Temperature of a phase transition A solid can exist in two phases, with energies
$$U_{1}(S,V)=\frac{S^2}{a_1}+b_{1}V(V-2V_{0})$$
$$U_{2}(S,V)=\frac{S^2}{a_2}+b_{2}V(V-2V_{0})$$
where $a_{1},a_{2},b_{1},b_{2},V_{0}$ are positive constants, with $a_{1}>a_{2}$ and $b_{1}<b_2$.
Consider a phase transition between the two phases at pressure $P = 0$. 
At what temperature, $T_0$, does this occur?

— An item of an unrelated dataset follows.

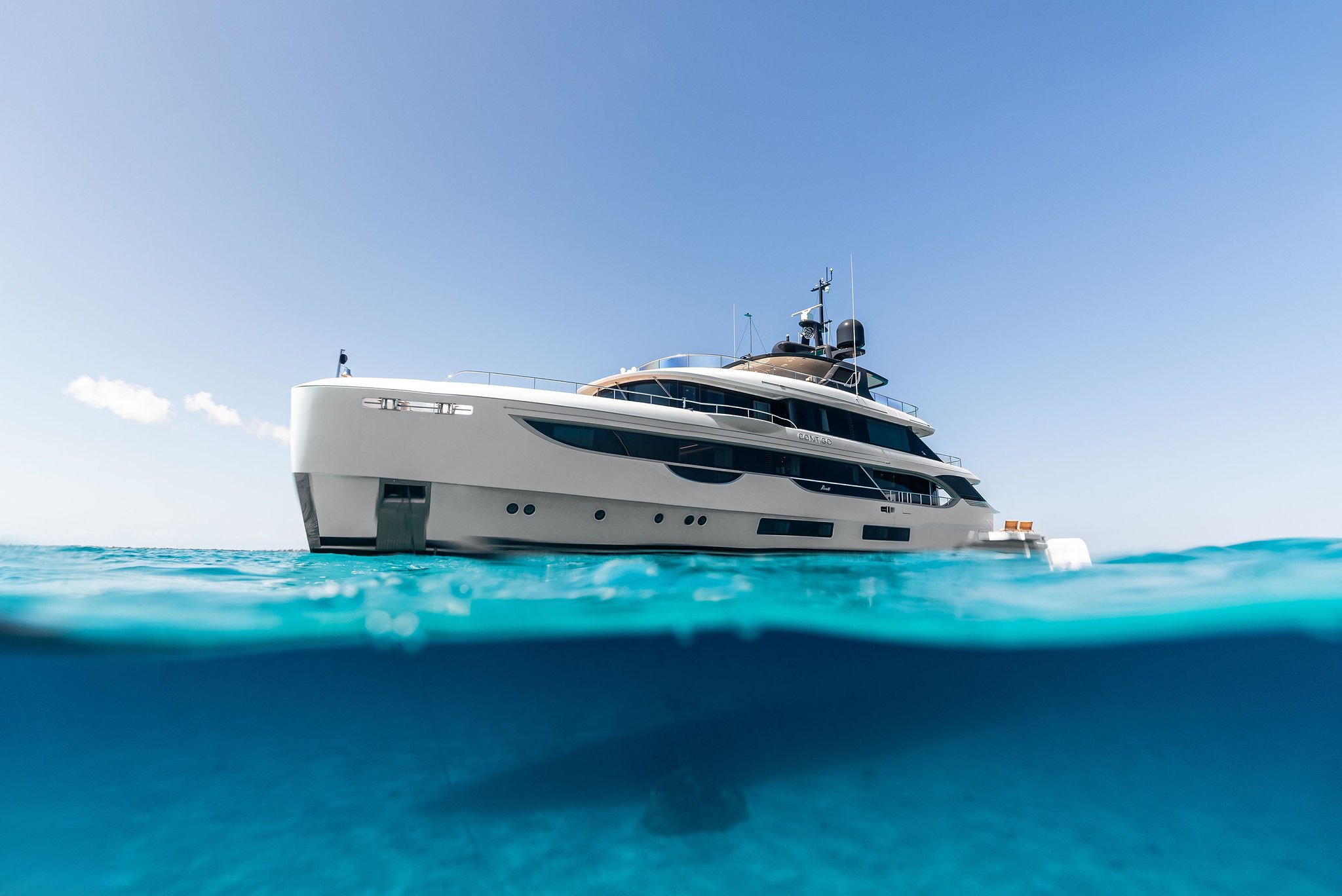 Modern white yacht floating on clear blue ocean under a bright blue sky.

I calculated the enthalpy, Helmholtz free energy, and Gibbs free energy for each side, I'm just having trouble figuring out what I need to do with them in order to calculate the temperature a phase transition would occur.  Does someone know what I need to do with those values in order to get $T_{0}$?
 A: Given a phase transition $\phi$ between two phase $\alpha$ and $\beta$:
$$ X_{(\alpha)} \rightleftharpoons X_{(\beta)}$$
When such transformation occurs at a constant Temperature $T_\phi$ there is an equilibrium between the two phases, thus you can write the following equality:
$$ \Delta_\mathrm{\phi}G = \Delta_\mathrm{\phi}H - T_\phi\Delta_\mathrm{\phi}S = 0 $$
You must then determine transition quantities $\Delta_\mathrm{\phi}H$ and $\Delta_\mathrm{\phi}S$ and isolate $T_\phi$, to find out the transition temperature.

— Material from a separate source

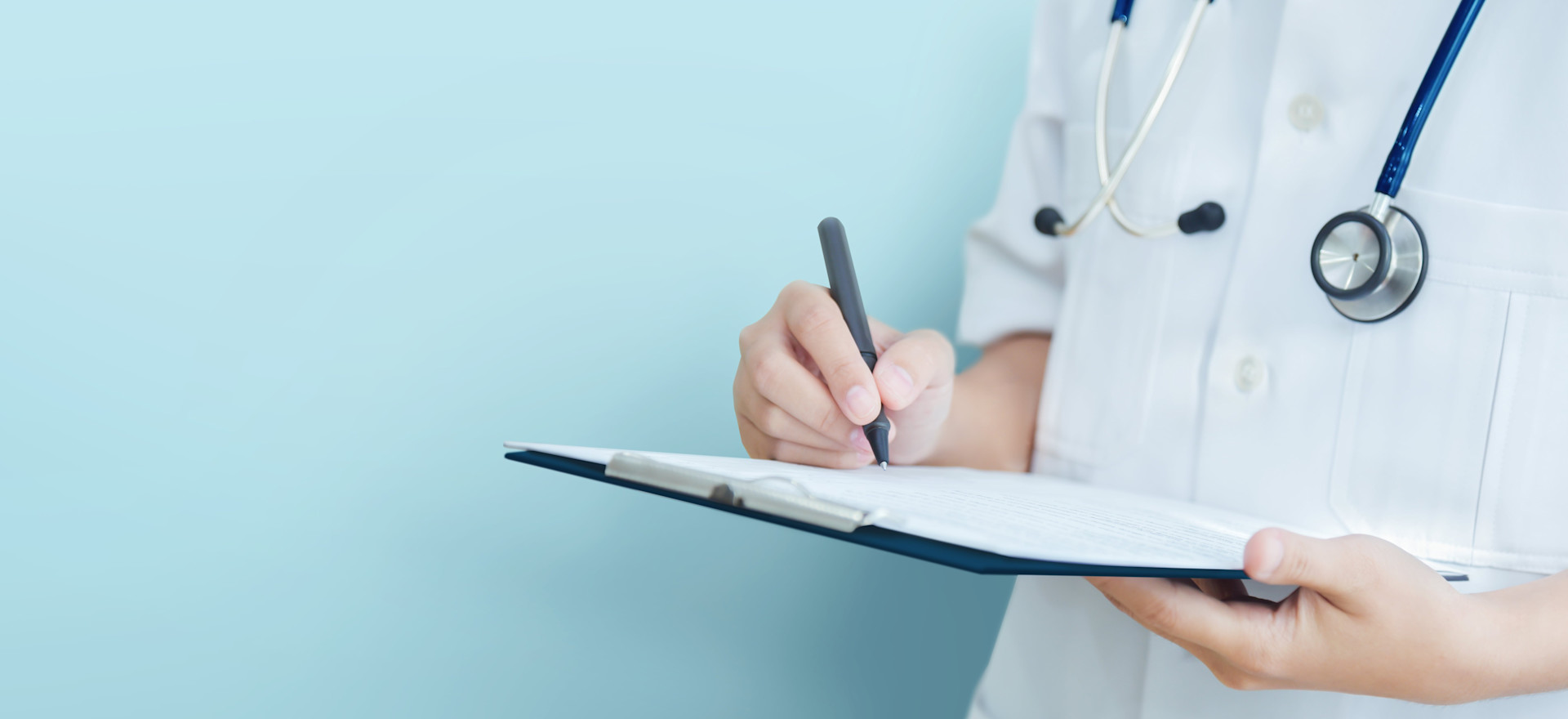 A close up of a doctor signing a fit note.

Hint: the operator $\Delta_\phi\{\}$ is the Lewis operator, defined as follow:
$$\Delta_\phi X = \left(\frac{\partial X}{\partial \xi} \right)_{p,T} = \sum\limits_i \nu_i x_i$$
Where $\xi$ is the molecular coordinate of the transition, $\nu_i$ the stoichiometric coefficient of the i-th physic-chemical substance and $x_i$ the molar quantity (intensive) related to $X_i$ (extensive, eg. $H_\alpha$).
Furthermore, it is always useful to determine $\Delta_\phi V$ to determine whether boundary work is produced or absorbed. In case of solid, this should be small but not null.
You will find detailed explaination of this in: Atkins, Physical Chemistry, Chapter 4: Physcial Transformation of pure substance.